On the second screen a tiny speck grew into a distant darkness, at the centre of the triangular tunnel.

Already?

Maxell made a rough calculation: ten thousand million kilometres, and no sign of closure from Sauros. Of course, inside the wormhole, the distance the torbeast extended itself through and its speed were a function of the energy it could expend, nevertheless…

‘Any mass readings yet?’

The interface tech who had first spoken said, ‘Nothing yet, we can’t get that until it’s all entirely in the wormhole, where we can calculate then subtract its energy level.’

‘Mother of fuck,’ said Carloon.

Now, in the second screen, the image had grown and was becoming clear. Maxell considered this view similar to what the prey of a piranha shoal might see in its last moments. The wormhole was filled with a great triangular plug of flesh that consisted almost entirely of mouths. This was the sharp end of the torbeast—that which was the essence of its ferocity and voracity. There was something wolfish about this mass, but with everything else but teeth and jaws stripped away. There could be no doubt, seeing this, that the torbeast’s intentions were not benign.

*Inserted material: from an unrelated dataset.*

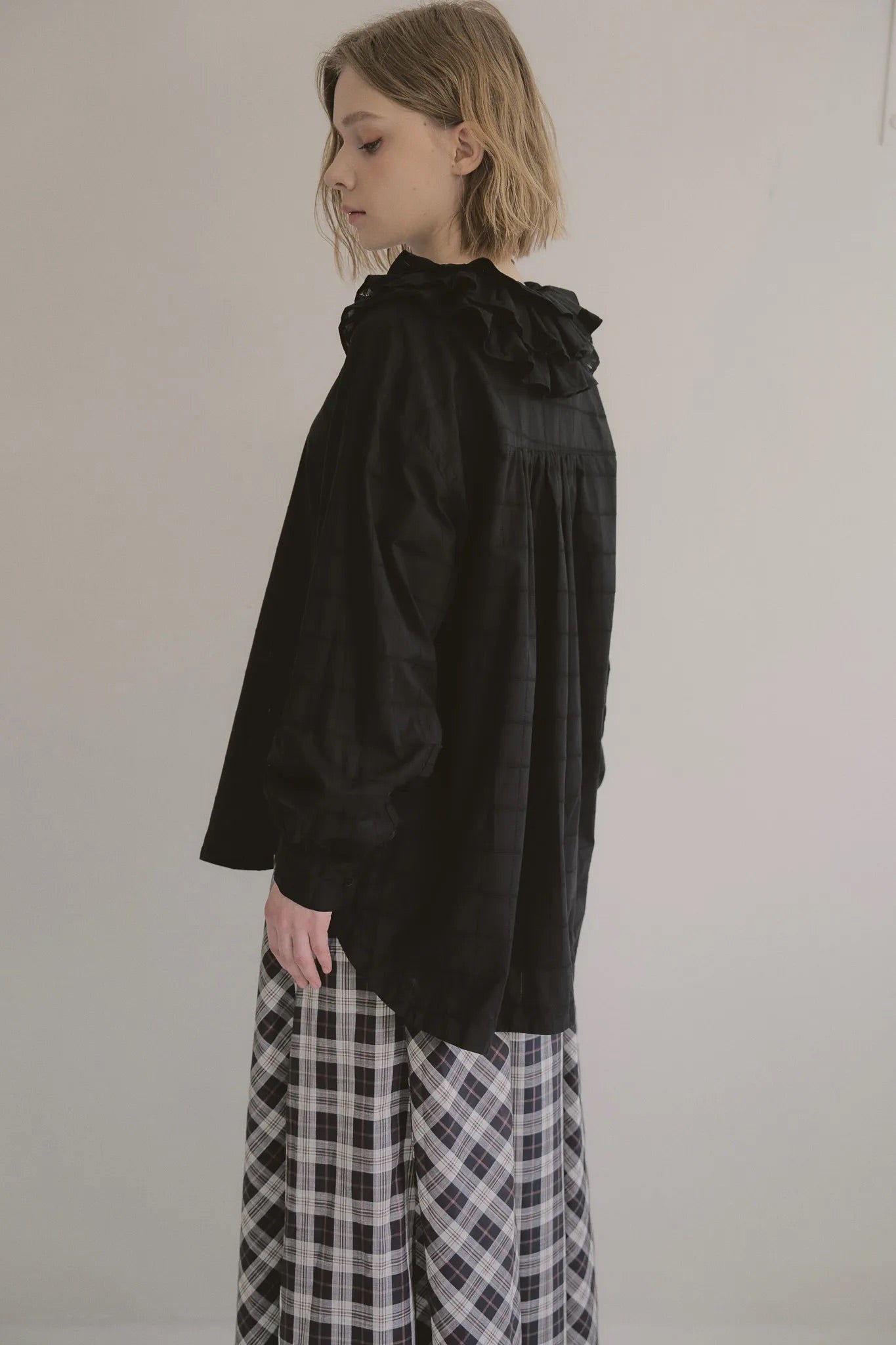 模特兒穿著黑色罌粟領設計襯衫，日本純棉親膚透氣，花瓣領口展現優雅叛逆的詩意造型。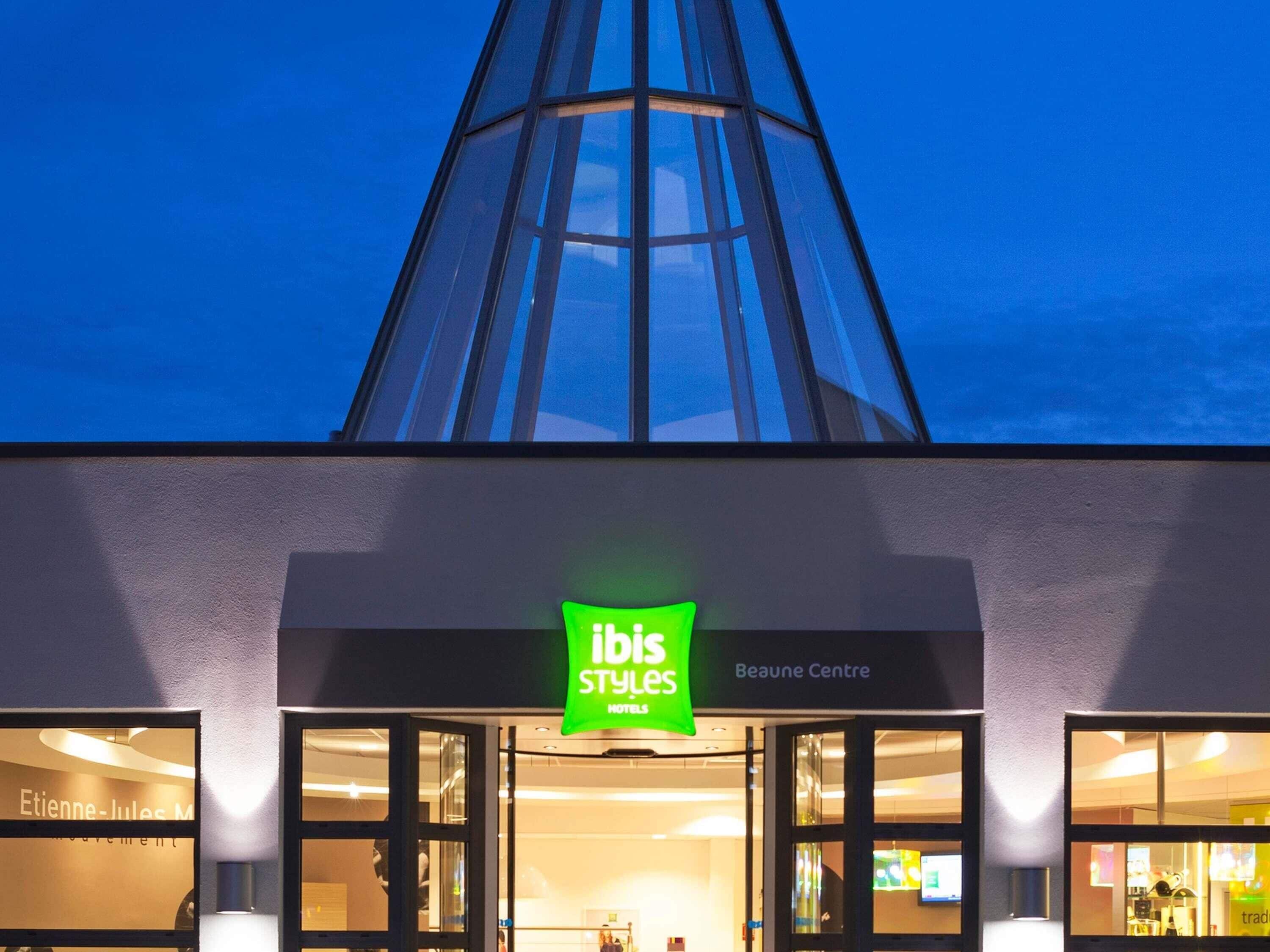 A hotel entrance with a modern glass facade, a green sign for 'ibis Styles Hotel,' and a 'Beaune Centre' sign above.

‘It’s pressed right up against the walls. I’ll not be able to get my sensor out of the way of that,’ said Carloon.

‘Can you take it out of phase?’

‘I can, but how will I know when to bring it back in?’

‘When I tell you.’

As the torbeast completely filled the screen, Carloon put that particular sensor a hundred and eighty degrees out of phase, folding the picture into black, speckled with the flashes of potential photons generated by the beast’s energy front.

Maxell considered her options. If they left bringing the sensor back into phase until the last moment, and then saw that the beast was entirely inside the wormhole, this would indicate that Goron had failed. If it revealed, however briefly, that the beast was still pouring in, they could drop the structural energy feed and thus extend the tunnel by perhaps another third of a lightyear. After that, without closure at Sauros, they must act. It meant catastrophic feedback to Sauros and the certain deaths of any survivors there, along with most of the life existing on that past Earth. It was still a matter for conjecture whether this might shove the Heliothane Dominion down the probability slope just as firmly as anything Cowl might achieve.

On the third screen the beast came into view, eventually filled the screen, then folded away as Carloon put that sensor out of phase too. Maxell felt her body growing damp with perspiration.

Damnation! Twenty thousand million kilometres?

At fifty thousand million kilometres the sweat was actually trickling from her armpits.

‘How big is that damned thing?’ asked Carloon.

Maxell didn’t try to formulate a reply. There was a contention amongst Heliothane chronophysicists that the creature was potentially infinite—and it was a contention she didn’t want to think about.